Goodwill Industries of Western New York will hold a ceremony this afternoon in its Buffalo headquarters at 1119 William St. to present Pvt. James E. Roland’s Purple Heart to the Patriot Guard Riders.
The motorcycle group will deliver the medal Saturday to relatives at Roland’s gravesite in the tiny borough of Westover, Pa., a mining town in Clearfield County, between Punxsutawney and Altoona. Roland’s distant cousin, Mary Roland Struble, is the mayor.
“This is just totally amazing. It makes me very proud,” Struble told the Associated Press on Monday.
Struble, who said her family has a long history of military service, had known about Roland from Westover’s sesquicentennial celebration in 1990. His picture was on the front of the program and his biography was inside.

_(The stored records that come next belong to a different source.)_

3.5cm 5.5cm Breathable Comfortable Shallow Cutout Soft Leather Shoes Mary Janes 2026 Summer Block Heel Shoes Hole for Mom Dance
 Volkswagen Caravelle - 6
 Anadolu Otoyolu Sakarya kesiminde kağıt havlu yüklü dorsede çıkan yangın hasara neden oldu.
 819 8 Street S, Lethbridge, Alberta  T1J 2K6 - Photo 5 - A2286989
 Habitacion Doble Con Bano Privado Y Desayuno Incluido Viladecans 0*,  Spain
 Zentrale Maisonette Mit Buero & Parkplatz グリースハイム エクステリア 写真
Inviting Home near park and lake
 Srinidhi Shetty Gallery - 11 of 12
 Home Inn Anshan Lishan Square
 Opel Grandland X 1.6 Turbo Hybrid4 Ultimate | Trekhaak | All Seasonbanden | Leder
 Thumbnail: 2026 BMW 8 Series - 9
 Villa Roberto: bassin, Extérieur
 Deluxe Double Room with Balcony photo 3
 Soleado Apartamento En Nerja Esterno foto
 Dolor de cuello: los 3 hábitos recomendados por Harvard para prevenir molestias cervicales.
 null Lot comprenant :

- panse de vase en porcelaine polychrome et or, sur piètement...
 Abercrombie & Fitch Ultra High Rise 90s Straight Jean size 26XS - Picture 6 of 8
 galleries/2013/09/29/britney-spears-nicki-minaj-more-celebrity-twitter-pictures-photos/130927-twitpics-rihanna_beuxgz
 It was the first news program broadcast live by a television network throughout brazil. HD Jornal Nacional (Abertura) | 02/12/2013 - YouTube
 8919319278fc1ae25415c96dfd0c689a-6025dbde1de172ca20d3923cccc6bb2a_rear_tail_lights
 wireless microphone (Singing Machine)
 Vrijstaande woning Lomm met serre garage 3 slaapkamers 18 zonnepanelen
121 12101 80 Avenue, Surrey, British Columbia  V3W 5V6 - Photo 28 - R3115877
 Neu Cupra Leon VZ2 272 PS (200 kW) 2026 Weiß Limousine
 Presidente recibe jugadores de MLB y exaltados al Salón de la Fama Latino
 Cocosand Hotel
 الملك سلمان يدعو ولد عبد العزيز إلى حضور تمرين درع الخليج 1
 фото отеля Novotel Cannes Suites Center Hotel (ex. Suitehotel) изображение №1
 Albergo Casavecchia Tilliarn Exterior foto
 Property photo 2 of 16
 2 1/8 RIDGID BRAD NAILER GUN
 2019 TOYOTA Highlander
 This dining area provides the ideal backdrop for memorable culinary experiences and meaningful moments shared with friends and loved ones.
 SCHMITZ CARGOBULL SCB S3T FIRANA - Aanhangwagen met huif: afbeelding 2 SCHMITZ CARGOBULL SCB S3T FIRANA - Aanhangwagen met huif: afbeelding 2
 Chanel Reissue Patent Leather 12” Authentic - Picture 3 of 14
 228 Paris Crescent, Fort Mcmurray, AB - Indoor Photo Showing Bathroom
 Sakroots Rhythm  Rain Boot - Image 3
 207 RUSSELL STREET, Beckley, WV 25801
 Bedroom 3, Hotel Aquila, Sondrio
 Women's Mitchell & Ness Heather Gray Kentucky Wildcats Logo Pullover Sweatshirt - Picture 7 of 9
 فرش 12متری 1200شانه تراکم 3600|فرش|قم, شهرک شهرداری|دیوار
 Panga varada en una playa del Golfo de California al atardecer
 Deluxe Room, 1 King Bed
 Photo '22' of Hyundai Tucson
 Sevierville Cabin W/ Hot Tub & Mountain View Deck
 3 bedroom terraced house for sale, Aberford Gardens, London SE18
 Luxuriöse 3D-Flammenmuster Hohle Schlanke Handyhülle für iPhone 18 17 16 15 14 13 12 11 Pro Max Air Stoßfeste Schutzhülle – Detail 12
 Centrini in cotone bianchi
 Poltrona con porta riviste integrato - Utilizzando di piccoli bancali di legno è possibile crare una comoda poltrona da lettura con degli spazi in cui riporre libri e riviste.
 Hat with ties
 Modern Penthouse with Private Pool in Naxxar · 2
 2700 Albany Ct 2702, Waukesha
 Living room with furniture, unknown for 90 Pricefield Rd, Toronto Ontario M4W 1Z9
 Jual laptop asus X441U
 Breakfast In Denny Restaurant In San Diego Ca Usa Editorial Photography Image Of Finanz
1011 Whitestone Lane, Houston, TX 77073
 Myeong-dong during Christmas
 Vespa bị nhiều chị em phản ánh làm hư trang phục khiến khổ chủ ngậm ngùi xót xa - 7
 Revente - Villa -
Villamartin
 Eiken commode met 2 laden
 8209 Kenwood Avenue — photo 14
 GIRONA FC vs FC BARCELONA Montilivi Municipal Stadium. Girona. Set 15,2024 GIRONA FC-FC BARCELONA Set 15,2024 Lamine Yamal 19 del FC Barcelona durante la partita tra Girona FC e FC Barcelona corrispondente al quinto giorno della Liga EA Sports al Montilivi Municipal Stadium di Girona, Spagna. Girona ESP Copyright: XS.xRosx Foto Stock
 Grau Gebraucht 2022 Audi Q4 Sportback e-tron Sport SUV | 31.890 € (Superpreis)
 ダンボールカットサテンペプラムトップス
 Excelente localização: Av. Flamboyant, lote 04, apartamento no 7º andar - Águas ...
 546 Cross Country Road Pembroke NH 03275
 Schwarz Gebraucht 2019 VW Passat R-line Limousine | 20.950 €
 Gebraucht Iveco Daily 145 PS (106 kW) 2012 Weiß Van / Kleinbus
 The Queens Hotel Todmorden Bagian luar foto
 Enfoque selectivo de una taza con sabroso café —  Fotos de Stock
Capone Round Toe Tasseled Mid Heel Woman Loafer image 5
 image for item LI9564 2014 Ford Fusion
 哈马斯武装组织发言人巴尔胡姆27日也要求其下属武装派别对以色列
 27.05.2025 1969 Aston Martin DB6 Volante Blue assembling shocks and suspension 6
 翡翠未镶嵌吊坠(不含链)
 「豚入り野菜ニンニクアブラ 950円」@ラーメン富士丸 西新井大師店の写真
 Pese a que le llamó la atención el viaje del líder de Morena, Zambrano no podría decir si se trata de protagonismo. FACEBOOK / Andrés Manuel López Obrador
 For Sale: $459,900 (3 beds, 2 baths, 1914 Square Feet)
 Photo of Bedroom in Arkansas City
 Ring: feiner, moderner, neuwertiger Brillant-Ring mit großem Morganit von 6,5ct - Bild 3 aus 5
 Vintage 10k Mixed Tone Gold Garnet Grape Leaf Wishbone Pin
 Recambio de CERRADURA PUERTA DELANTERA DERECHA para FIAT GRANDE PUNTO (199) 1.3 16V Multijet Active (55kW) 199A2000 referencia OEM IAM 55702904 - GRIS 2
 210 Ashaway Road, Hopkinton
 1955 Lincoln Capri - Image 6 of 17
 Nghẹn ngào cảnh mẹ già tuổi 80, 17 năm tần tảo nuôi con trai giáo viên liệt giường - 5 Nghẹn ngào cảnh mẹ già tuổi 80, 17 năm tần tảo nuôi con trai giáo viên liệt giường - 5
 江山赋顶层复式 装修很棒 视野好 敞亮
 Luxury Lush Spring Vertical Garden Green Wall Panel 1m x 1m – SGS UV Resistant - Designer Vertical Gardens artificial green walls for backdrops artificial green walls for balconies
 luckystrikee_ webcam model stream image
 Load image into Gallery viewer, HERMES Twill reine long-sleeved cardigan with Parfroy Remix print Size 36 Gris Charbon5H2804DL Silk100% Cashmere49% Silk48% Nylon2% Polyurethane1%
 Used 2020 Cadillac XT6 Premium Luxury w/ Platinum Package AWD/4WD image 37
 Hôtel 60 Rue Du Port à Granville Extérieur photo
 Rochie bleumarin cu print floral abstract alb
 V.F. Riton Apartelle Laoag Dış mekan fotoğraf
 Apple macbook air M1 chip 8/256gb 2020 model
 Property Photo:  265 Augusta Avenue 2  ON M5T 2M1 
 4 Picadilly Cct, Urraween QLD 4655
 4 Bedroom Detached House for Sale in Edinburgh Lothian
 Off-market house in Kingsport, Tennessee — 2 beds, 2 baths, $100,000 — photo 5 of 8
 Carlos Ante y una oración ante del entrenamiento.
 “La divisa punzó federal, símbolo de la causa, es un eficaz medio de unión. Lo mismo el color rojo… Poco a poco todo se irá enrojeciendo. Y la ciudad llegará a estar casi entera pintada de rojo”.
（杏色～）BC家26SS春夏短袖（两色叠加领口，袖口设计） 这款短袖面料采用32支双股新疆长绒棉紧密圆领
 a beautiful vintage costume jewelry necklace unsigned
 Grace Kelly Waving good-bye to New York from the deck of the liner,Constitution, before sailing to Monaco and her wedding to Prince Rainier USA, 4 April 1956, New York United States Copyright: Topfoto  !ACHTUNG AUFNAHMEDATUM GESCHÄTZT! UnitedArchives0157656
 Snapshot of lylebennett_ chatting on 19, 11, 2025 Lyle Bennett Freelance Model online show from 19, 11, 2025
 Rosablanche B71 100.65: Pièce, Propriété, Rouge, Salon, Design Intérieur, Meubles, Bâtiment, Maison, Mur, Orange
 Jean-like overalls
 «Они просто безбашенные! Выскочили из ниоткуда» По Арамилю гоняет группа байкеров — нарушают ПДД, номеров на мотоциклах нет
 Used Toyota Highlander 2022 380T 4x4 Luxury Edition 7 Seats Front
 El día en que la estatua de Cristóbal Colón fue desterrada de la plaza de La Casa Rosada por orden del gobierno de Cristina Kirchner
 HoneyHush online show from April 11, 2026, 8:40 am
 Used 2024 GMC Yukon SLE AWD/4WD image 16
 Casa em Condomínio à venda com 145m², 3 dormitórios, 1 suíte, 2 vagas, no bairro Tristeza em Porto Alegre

The medal was discovered June 28 when Goodwill employee Richard Zuehlke opened a gold-trimmed black case that was tucked into a box of household items he was unpacking at the retail store in Lockport. Roland’s name was on the back of the medal and an old photo of him was in the box.
The finding was posted on Goodwill’s Facebook page, where it was spotted by Linda Hastreiter, regional coordinator for the Patriot Guard Riders. It took her a month to track down the soldier’s family.
“The main research centered on Niagara Falls and Lockport,” she said. “I contacted Jefferson Barracks in St. Louis, where all the records are for all the veterans, to see where his last known address was.”
Hastreiter then traced him back to Westover and started calling Rolands, eventually reaching Mayor Struble.
She discovered that Roland was born in 1914, had a twin sister and never married.
After graduating from high school in 1933, he took a mechanic’s course in Ohio, then came to Niagara Falls and worked at Duncan Motors before he enlisted in the Army in 1943. He died in battle at Anzio, Italy, on May 23, 1944.
Hastreiter speculated that the Purple Heart was mailed to his former address in Niagara Falls.
Struble suggested that Roland’s twin sister or another relative lived with him in Niagara Falls and had received the medal, then passed it along until its last caretaker died.
“Somebody was probably cleaning out the house and just packed the stuff up to go to the Goodwill,” she said.